In 1218, on the Feast of St. Kilian, at age eighteen, he was armed as a knight in the Church of St. George in Eisenach. At Wartburg Castle in 1220 at age twenty, Louis married 14-year-old Elizabeth of Hungary, with whom he had three children: Hermann II, Sophie, and Gertrude, later abbess at Altenberg. He set up his court at Wartburg Castle near Eisenach.

When in 1221 Louis' Wettin brother-in-law, Margrave Theodoric I of Meissen died, he acted as a guardian for Theodoric's minor son Henry III. However, his attempts to occupy the Meissen and Lusatian lands were rejected by his sister Jutta. Like his father, Louis was in close contact with the Hohenstaufen emperor Frederick II, who appointed him a Marshal of the Holy Roman Empire and confirmed his rights in the Margraviate of Meissen.
 
In 1226, Louis was called to the Diet in Cremona, where he promised Emperor Frederick II to take up the cross and accompany him to the Holy Land. He embarked for the Sixth Crusade in 1227, partly inspired also by the tales of his uncle, who had been to the Levant with the Holy Roman Emperor. Fellow-travellers were five counts, Louis von Wartburg, Gunther von Kefernberg, Meinrad von Mühlberg, Heinrich von Stolberg, and Burkhard von Brandenberg; Louis left his pregnant wife behind, who had a premonition that they would never meet again.

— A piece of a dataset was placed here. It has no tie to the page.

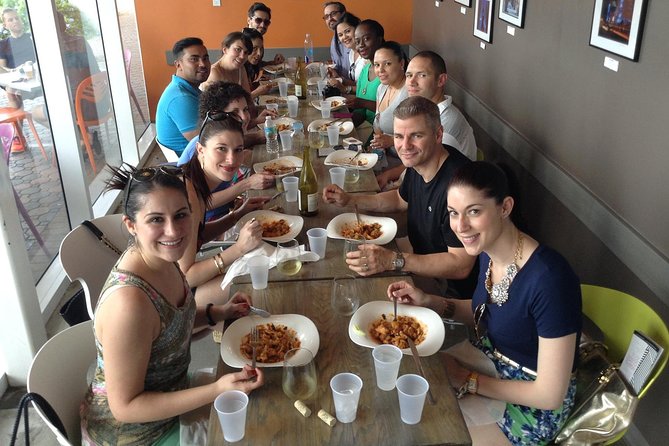 Wynwood Food & Art Tour - exclusive access to the Wynwood Walls - Rodilla: Spanish Handcrafted Delicacies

In August 1227 Louis traversed the mountains between Thuringia and Upper Franconia, through the duchies of Swabia and Bavaria, crossing the Tyrolian Alps. He fell ill of plague after reaching Brindisi and Otranto in the Kingdom of Sicily. He received extreme unction from the Patriarch of Jerusalem and the Bishop of Santa Croce. He died before reaching Otranto in 1227. A few days after his death, his daughter Gertrude was born. Louis's remains were buried in Reinhardsbrunn Abbey in 1228. He was succeeded by his five-year-old son Hermann II, under the tutelage of his uncle Henry Raspe.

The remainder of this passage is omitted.